Le Maroc vu de l’extérieur
Un des aspects les plus intéressants, et les plus pertinents pour l’audience marocaine, a été de recueillir les avis sur le Maroc et son économie des spécialistes internationaux, et des représentants de grands groupes industriels. On aura noté avec intérêt les retours d’expérience de Douglas Kelly, Directeur Régional de Boeing, et Samer Samaha, Directeur Commercial pour le Maghreb de Givaudan, leader mondial de la parfumerie. Si les deux ont déclaré d’emblée que le Maroc offre des incitatives exceptionnelles pour attirer les investisseurs étrangers, leur retour sur les ressources humaines ont été très différentes. Le représentant de Boeing trouve les travailleurs du pays très qualifiés, tandis que Givaudan a dû recruter des MRE et les faire rentrer au Maroc. C’est à la fois une preuve du succès des programmes de formations dans les secteurs visés par le gouvernement, mais aussi des manquements qui persistent dans d’autres domaines, qui pourraient eux aussi attirer de grands groupes mondiaux. Les deux décideurs ont également insisté sur leur choix du Maroc pour sa stabilité (Givaudan ayant quitté l’Egypte pour cette raison), mais surtout l’accès qu’il offre au marché ouest-africain, qui représente 400 millions de consommateurs potentiels.
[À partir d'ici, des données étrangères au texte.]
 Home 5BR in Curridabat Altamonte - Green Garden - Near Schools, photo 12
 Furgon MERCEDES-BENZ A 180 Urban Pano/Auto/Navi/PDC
De son côté, Leila Farah Mokaddem, représentante de la BAD au Maroc, s’est attardée sur le secteur agricole, qui ne sera pas, selon elle, la source d’émergence du Maroc sous sa forme actuelle, et vue sa dépendance vis-à-vis du climat. Le Royaume doit aussi anticiper le développement de sa région et la hausse des besoins en importations pour les pays africains voisins. Pour cela, il faut selon elle accélérer le développement de la zone de libre-échange de CEDEAO, car à l’heure actuelle et avec les accords en vigueur, il est plus rentable pour certains pays de la zone d’importer leurs produits agricoles d’Europe. Le Maroc devrait s’appuyer sur sa forte implantation financière en Afrique pour de meilleurs accords, et travailler à l’intégration de la région méditerranéenne.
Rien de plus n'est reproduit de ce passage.